Where The Porsche Is The Smarter Buy

The Taycan is the smarter buy when the car has to do more than make a statement.

It has four doors. It has a bigger owner base. It has more trims. It has more body styles. It has a better-known service and resale story. It has been updated into a more mature EV, not merely launched as a halo experiment. And because the range starts lower than the Maserati’s new price point, shoppers can decide how much performance they actually want to buy.

That last point is important. A Taycan 4S is already quick. A GTS is quicker and more focused. A Turbo is serious. A Turbo GT is for buyers who want the EV performance conversation to get slightly ridiculous. Porsche lets shoppers choose how much speed, range, practicality, and track intent they want.

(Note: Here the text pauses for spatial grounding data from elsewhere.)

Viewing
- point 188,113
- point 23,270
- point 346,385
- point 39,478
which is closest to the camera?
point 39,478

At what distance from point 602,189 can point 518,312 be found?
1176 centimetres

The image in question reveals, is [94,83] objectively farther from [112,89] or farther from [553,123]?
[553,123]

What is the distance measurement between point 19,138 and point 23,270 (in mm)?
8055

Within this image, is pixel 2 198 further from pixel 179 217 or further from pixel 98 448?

Maserati makes one clearer emotional pitch. Porsche gives shoppers a whole menu.

For most people spending this kind of money on an EV, the menu wins.

The Real Comparison Is Not Just Speed

Both cars are fast enough that acceleration is not the deciding factor.

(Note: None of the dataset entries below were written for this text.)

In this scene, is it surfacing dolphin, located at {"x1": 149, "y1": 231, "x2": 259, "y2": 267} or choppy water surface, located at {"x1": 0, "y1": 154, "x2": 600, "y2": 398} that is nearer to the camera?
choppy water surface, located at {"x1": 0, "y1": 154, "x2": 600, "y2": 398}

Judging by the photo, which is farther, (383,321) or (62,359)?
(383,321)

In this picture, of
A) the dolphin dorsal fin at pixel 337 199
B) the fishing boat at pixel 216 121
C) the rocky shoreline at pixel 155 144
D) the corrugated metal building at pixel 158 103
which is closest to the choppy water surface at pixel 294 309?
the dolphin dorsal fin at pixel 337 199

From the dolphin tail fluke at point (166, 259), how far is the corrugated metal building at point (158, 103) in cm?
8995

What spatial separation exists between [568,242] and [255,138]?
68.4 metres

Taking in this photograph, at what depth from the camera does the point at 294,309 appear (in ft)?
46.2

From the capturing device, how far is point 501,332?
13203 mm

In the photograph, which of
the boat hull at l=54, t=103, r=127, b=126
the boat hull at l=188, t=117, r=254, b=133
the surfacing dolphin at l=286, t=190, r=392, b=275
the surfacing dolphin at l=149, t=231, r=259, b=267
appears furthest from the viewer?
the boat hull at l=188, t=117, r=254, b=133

The Folgore’s 2.6-second sprint is absurd for a grand tourer. The Taycan’s upper trims are equally wild, and the Turbo GT goes further than most road buyers will ever need. But once everything is this quick, ownership details start to matter more.

Ask these questions before choosing:

  • Do you need rear-seat usability often, or is occasional space enough?
  • Are you comfortable with Maserati’s smaller EV footprint in your market?
  • Is the car a lease, a short-term indulgence, or a long-term keeper?
  • Do you want a two-door GT experience, or would a four-door sports EV be easier to live with?
  • Does the dealer nearest you have real EV service experience with the model?
  • Are you buying the Maserati because it is now a better deal, or because it is the car you already wanted?

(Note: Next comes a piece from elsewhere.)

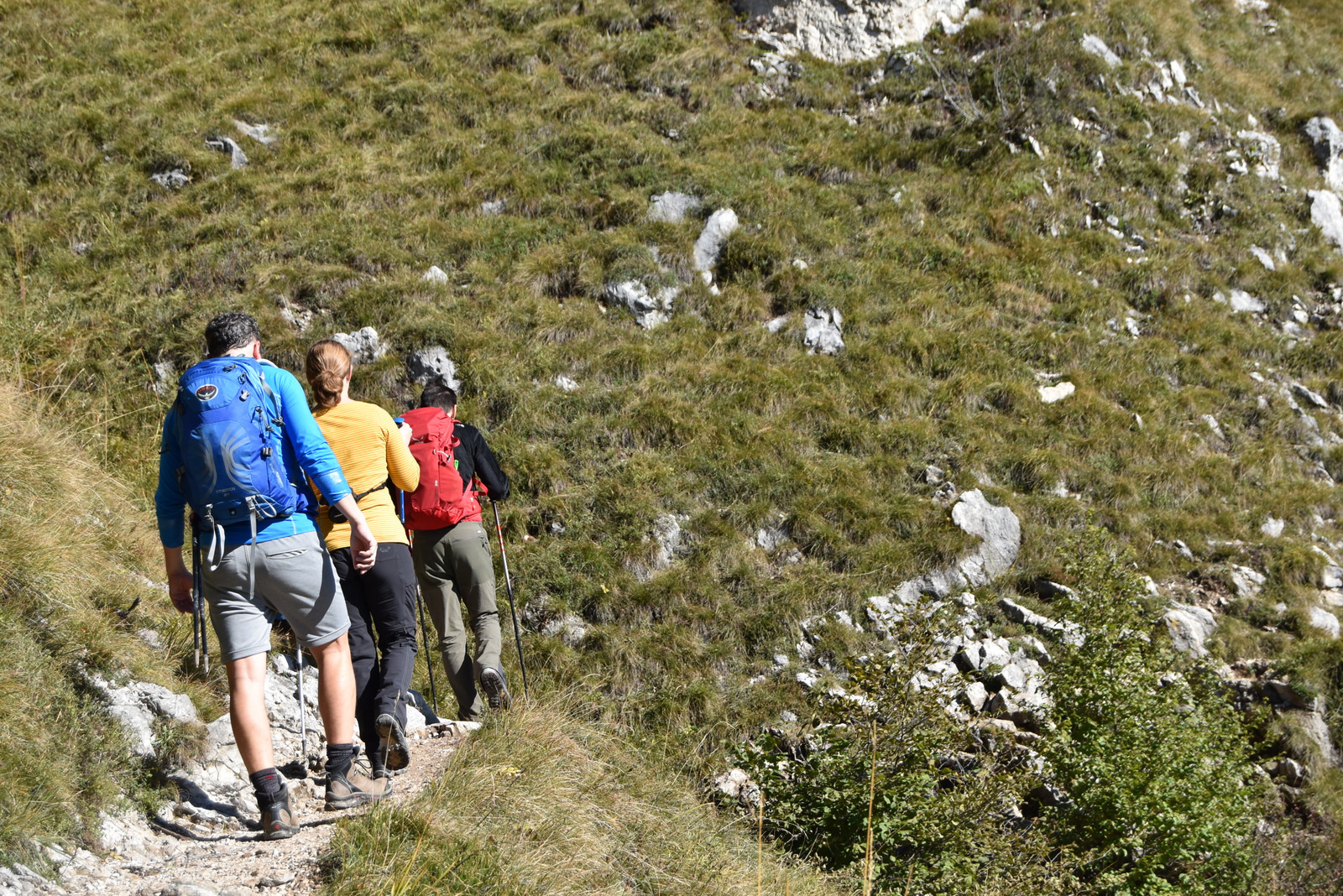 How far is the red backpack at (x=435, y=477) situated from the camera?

The last question is the key. A discounted exotic-leaning EV is still an exotic-leaning EV. The price reset makes the Folgore more tempting. It does not erase the risks that come with choosing the rarer car.

Bottom Line

Maserati’s price cut changes the conversation, not the default answer.

The 2027 GranTurismo Folgore now looks like a serious alternative for buyers who specifically want an electric Italian grand tourer. The range is improved, the 800V hardware is credible, the performance is wild, and the reported U.S. starting price no longer feels disconnected from the market.

The Porsche Taycan remains the smarter all-around luxury EV. It is more configurable, more practical, more established, and backed by a broader product strategy. It is the car to buy if you want the least explaining to do.

But if the Folgore already had your attention, the new price matters. Maserati did not make it mainstream. It made it interesting enough that the Taycan shopper might finally pause.

FAQ

Is the Maserati GranTurismo Folgore a better buy than the Porsche Taycan after the price cut?

It is a better buy than it used to be, but the Porsche Taycan remains the safer all-around choice for most luxury EV shoppers. The Maserati is the more emotional, rarer pick; the Taycan is the more complete ownership play.

How much cheaper is the 2027 Maserati GranTurismo Folgore?

Car and Driver reports the 2027 GranTurismo Folgore starts at $141,995 in the U.S., down from $199,690 for 2026. That is a drop of more than $57,000.

Which is faster, the Maserati GranTurismo Folgore or Porsche Taycan?

It depends which Taycan you choose. Maserati lists the GranTurismo Folgore at 2.6 seconds from 0-60 mph. Porsche lists the base Taycan at 4.5 seconds, the Taycan 4S at 3.5 seconds, and the Taycan Turbo GT with Weissach Package at 2.1 seconds.

Which one should enthusiasts shortlist?

Shortlist the Maserati if you want rarity, two-door grand-touring style, and a car that feels more exotic. Shortlist the Porsche if you want the better-developed EV platform, more trim choices, and a stronger ownership ecosystem.